Metal folks go to concerts, they attend festivals, they buy records, then they buy even more records.
They are of course weirder than most others too. But that's nothing to be ashamed of. On the contrary."
Naturally I understand that there will be many exceptions to a generalization of this nature, but when you’ve seen one of your best buddies completely engulfed by this, so much so that he changed his name from Pierre to Olaf, allowed himself to be totally enveloped by the Norwegian black metal scene,
and swapped his interest in soccer for a passion for all kinds of ornamental swords, then you should at least be qualified to have an opinion. That said, the term metal doesn’t cover any music that is of direct appeal to the undersigned. Nor does the genre as such, from Vikings, skeletons and sprawling fonts to gnomes and trolls and back again, feel like something to go bananas over. But if I had to choose whether to hop into a cab driven by an indifferent follower of the Top 40 or one of the two cab drivers who have tried to convince me of the instant greatness of the Danish mastodon rockers Volbeat during the fall, I’d definitely go for the latter every time. It’s also important to draw a distinction between a metalhead and a more conventional metal listener, something the sharp-eyed web magazine Metal Rules is not tardy to point out: “The
main difference between a metal listener and a metalhead is devotion. I believe that metalheads are the most loyal fans of any genre of music. Being a 100% metalhead usually affects many decisions and aspects of life such as friends, appearance, clothing, attitude, etc. All are something affected by living and breathing metal 24/7, 365.”
In other words, metalheads try that little bit harder to find new albums and they go the extra mile to get to concerts. Metal listeners, on the other hand, are nowhere near as fanatical about their music. They don’t make much of an effort to find out about new favorite bands, although if metal is “in” at the time and is in their face, they will like some of it. But metalheads have an entirely different level of passion. They search high and low in record stores throughout the country, they read heavy metal publications and they discuss metal at great lengths via online forums. Their dedication represents a fairly stark contrast to the lazier face of popular culture whereby people mostly simply listen to what the radio stations and the major companies have already decided they should listen to. The unconditional love and extreme dedication of metalheads is of course something that also invites mockery.

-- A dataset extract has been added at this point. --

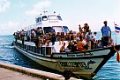 Chumpon - Koh Tao - Koh Samui Express Boat Timetable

All forms of fundamentalism are by definition viewed as silly in our age, an age in which people are expected to behave as unaffectedly as possible and, so it seems, to have as relaxed a relationship to popular culture as possible. But mockery doesn’t affect this particular brand of rockers any more. They have become far too used to it, and their sense of unity simply grows stronger and stronger, while at the same time our envy of them deepens even more. Perhaps, one can get a slight feel for the philosophy by sporting the immortal uniform, the band tee. Then again, in the words of the long forgotten could-have-beens in Dirty Looks – nobody rides for free.